Podobieństwa z dzisiejszą sytuacja w Polsce są, niestety, całkiem wyraźne, chociaż  występują też istotne różnice. Dzisiaj represjonowanych nie rozstrzeliwuje się, ale pozwala im się powoli umierać z niedożywienia, z braku możliwości wykupienia leków, bez środków na ubrania, na czynsz, opał, prąd …  Ponadto nie nazywa ich się „wrogami ludu”, a jedynie „ludźmi drugiego sortu”. Interesujące jest ponadto, że pisowski minister Błaszczak podczas procedowania ustawy „dezubekizacyjnej” stwierdził, że „te osoby nie zasługują na żadną ochronę prawną” – są to słowa z których byłby dumny nawet towarzysz Beria. I jeszcze dwie uwagi:  Te wszystkie działania były podjęte ponad ćwierć wieku po upadku PRL,  ale tu PiS znów skorzystał z osiągnięć intelektualnych samego Stalina, który stwierdził, że „walka z byłym reżymem zaostrza się w miarę upływu czasu”.  Natomiast drastyczność zastosowanych kar ma uzasadnienie w innej światłej myśli bolszewickiej – mocno bije, widać słusznie bije! 

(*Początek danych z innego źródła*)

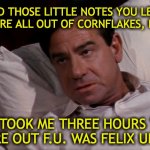 WHAT THE FU | I CAN'T STAND THOSE LITTLE NOTES YOU LEAVE FOR ME:
"WE'RE ALL OUT OF CORNFLAKES, F.U."; IT TOOK ME THREE HOURS TO FIGURE OUT F.U. WAS FELIX UNGER! | image tagged in oscar madison f u | made w/ Imgflip meme maker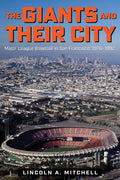 The Giants and Their City: Major League Baseball in San Francisco, 1976-1992 - Paperback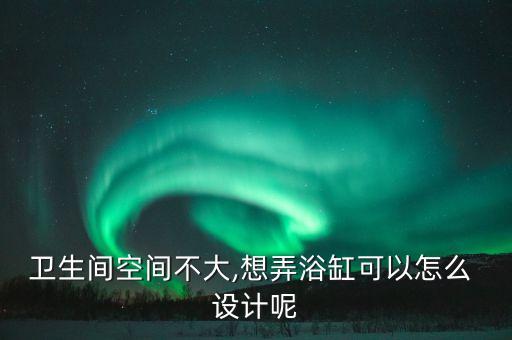 衛(wèi)生間空間不大,想弄浴缸可以怎么 設(shè)計呢
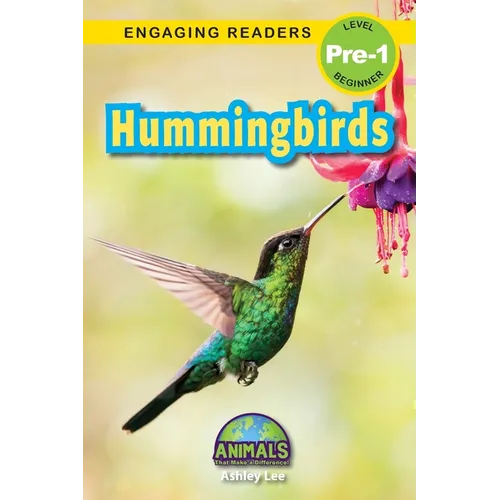 Hummingbirds: Animals That Make a Difference! (Engaging Readers, Level Pre-1)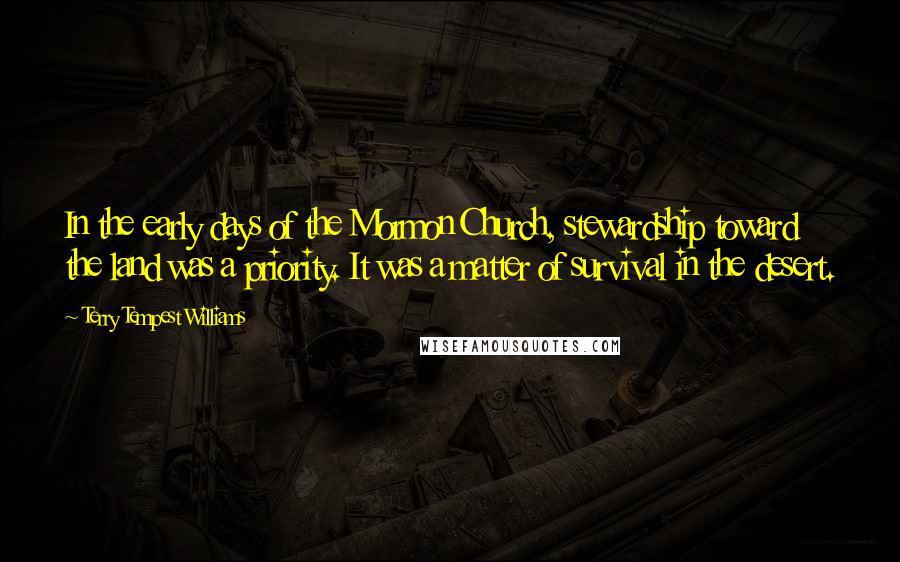 Terry Tempest Williams Quotes: In the early days of the Mormon Church, stewardship toward the land was a priority. It was a matter of survival in the desert.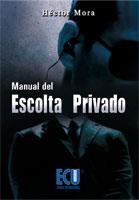 MANUAL DEL ESCOLTA PRIVADO | 9788484546870 | MORA CHAMARRO, HECTOR | Galatea Llibres | Librería online de Reus, Tarragona | Comprar libros en catalán y castellano online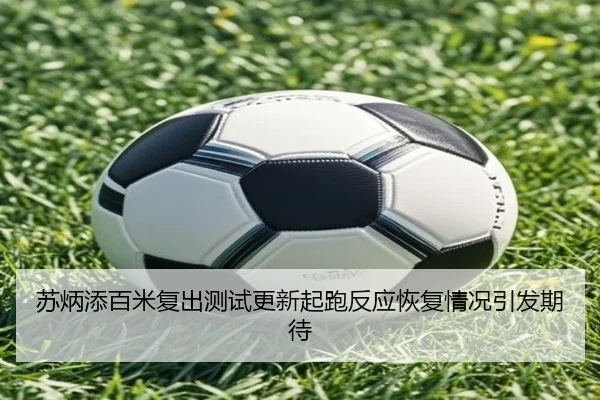 苏炳添百米复出测试更新起跑反应恢复情况引发期待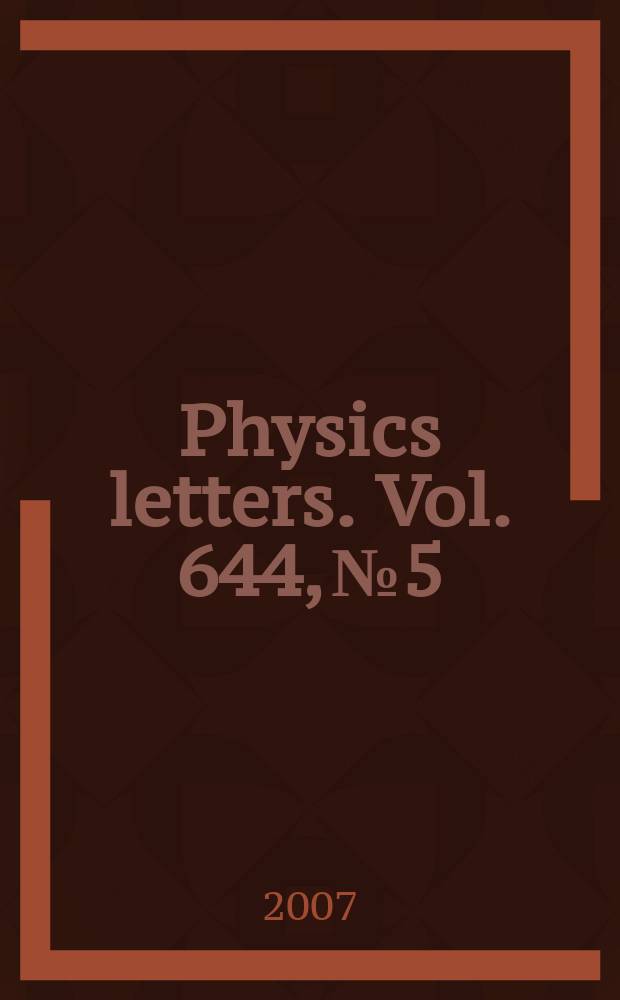 Physics letters. Vol. 644, № 5/6
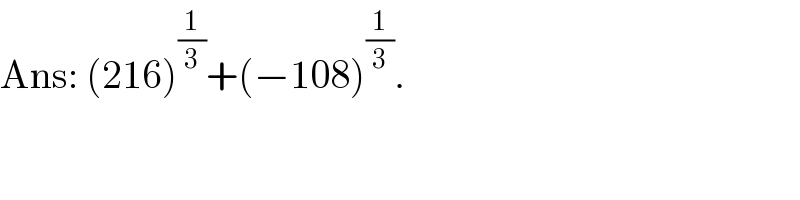 Ans: (216)^(1/3) +(−108)^(1/3) .  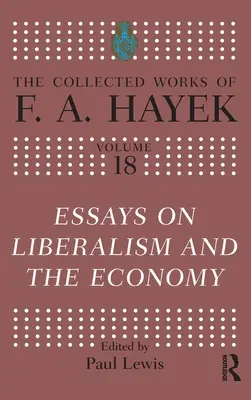 Essays über Liberalismus und die Wirtschaft - Essays on Liberalism and the Economy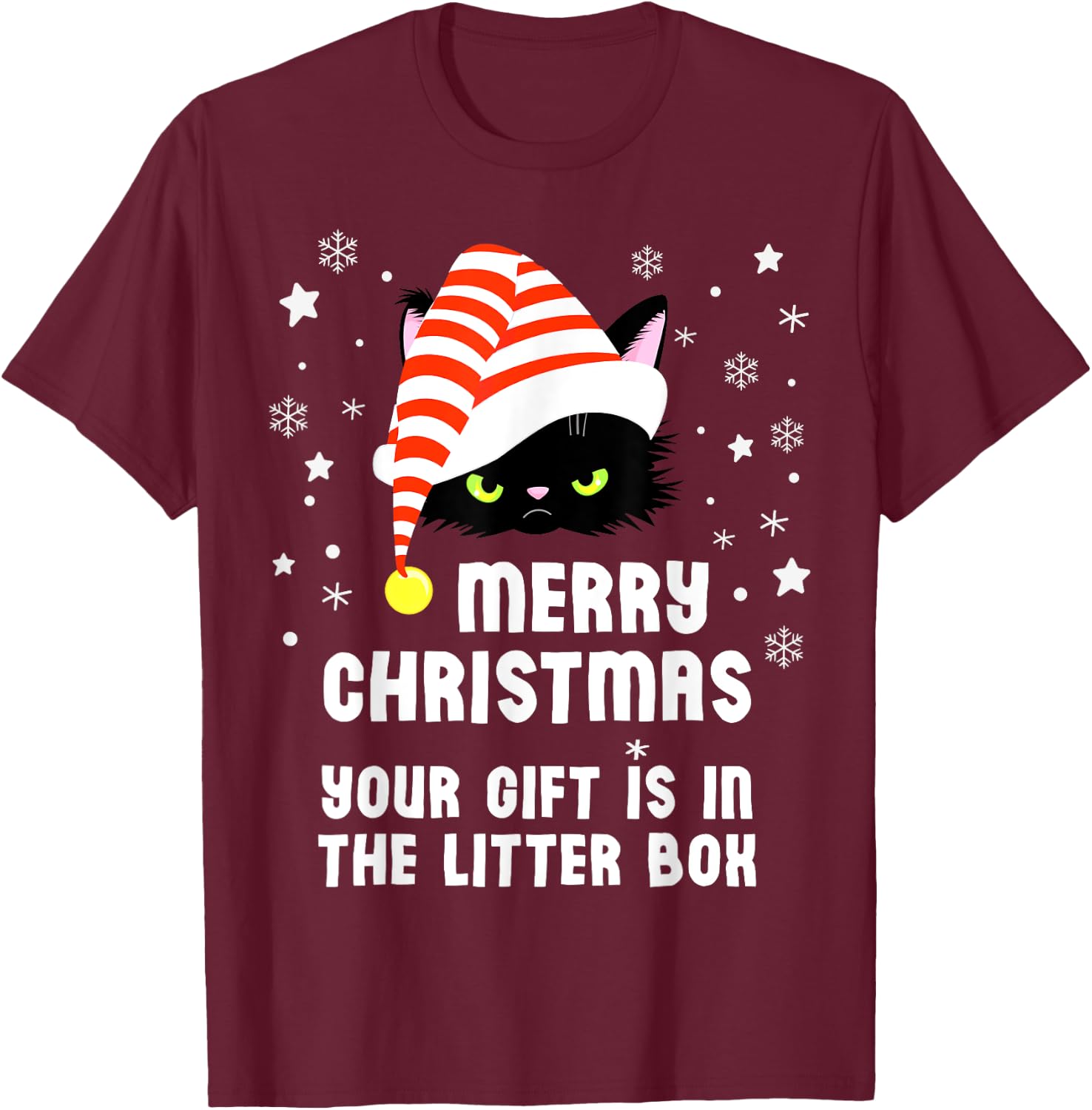 Merry Christmas Top Your Gift is in the Litter Box Cat Funny T-Shirt - T-Shirt | Maroon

Gdy w 1990 r. rozpoczynała swe funkcjonowanie w pełni niezależna, demokratyczna i praworządna III RP czy ktoś spodziewał się, że po trzydziestu latach zaczniemy zbliżać się   do rzeczywistości opisywanej przez Orwella, w której wiele słów trzeba rozumieć na opak –   partia Prawo i Sprawiedliwość nie ma nic wspólnego z prawdziwym prawem i sprawiedliwością, rządzący sami stosujący bolszewickie metody krzyczą, że LGBT jest bolszewicką ideologią, a uczciwie pracujący ludzie są nazywani niegodziwcami. Pozostaje czekać aż MSWiA, Ministerstwo Sprawiedliwości oraz IPN połączą się w jedno i otrzymają piękną orwellowską nazwę Ministerstwa Miłości.  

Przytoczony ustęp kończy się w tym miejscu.